FOR PUBLICATION Dec 19 2013, 7:02 am
ATTORNEY FOR APPELLANT: ATTORNEYS FOR APPELLEE:
MARIELENA DUERRING GREGORY F. ZOELLER
South Bend, Indiana Attorney General of Indiana
JOSEPH Y. HO
Deputy Attorney General
Indianapolis, Indiana
IN THE
COURT OF APPEALS OF INDIANA
BRITTNEY WATSON, )
)
Appellant-Defendant, )
)
vs. ) No. 71A03-1303-CR-91
)
STATE OF INDIANA, )
)
Appellee-Plaintiff, )
APPEAL FROM THE ST. JOSEPH SUPERIOR COURT
The Honorable Roland W. Chamblee, Jr., Judge
Cause No. 71D08-1012-MR-9
December 19, 2013
OPINION – FOR PUBLICATION
BAILEY, Judge
Case Summary
Brittney Watson (“Watson”) appeals her conviction for Murder, a felony,
presenting the sole issue of whether sufficient evidence supports the conviction.

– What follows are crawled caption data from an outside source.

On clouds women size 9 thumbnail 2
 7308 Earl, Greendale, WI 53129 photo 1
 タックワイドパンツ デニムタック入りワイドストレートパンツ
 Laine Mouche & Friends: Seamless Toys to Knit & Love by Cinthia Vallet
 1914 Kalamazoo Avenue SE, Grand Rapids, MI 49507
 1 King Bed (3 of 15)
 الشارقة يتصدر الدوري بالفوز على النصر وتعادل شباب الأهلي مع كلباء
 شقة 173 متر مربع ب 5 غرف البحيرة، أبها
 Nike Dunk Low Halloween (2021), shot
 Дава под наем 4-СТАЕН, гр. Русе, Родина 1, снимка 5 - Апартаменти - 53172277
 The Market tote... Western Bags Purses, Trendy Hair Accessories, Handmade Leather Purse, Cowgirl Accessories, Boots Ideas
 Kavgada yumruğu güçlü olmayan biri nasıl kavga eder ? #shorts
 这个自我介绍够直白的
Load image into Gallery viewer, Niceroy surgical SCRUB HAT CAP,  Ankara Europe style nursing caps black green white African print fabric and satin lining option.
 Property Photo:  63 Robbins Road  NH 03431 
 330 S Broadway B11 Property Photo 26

We
affirm.1
Facts and Procedural History
During the evening of November 29, 2010, Watson, Cornelius Miller (“Miller”),
and several other individuals were involved in a confrontation in a parking lot in South
Bend. Watson called Miller a “rapist” because of his alleged internet posting of nude
photos of Watson’s friend. (Tr. 327.) Miller responded by punching Watson in the face
several times. Miller’s girlfriend, Ashley Shaw (“Shaw”), then engaged in a fistfight
with Watson for “about five minutes.” (Tr. 329.) Shaw and Miller got into Shaw’s
vehicle to leave, but Watson attempted to jump on top of the moving vehicle. Shaw
drove her vehicle into Watson.
Witnesses heard Watson make threats, including: “somebody is going to die” and
“I’m going to have my brothers and them come down here and kill your b---- a--. I’m
going to have them shoot your f-----g house up.” (Tr. 62, 78.) Upon leaving, Watson
telephoned the father of her child, Steven Rice (“Steven”), and Steven’s brother, Stephon
Rice (“Stephon”), to report that she had been beaten.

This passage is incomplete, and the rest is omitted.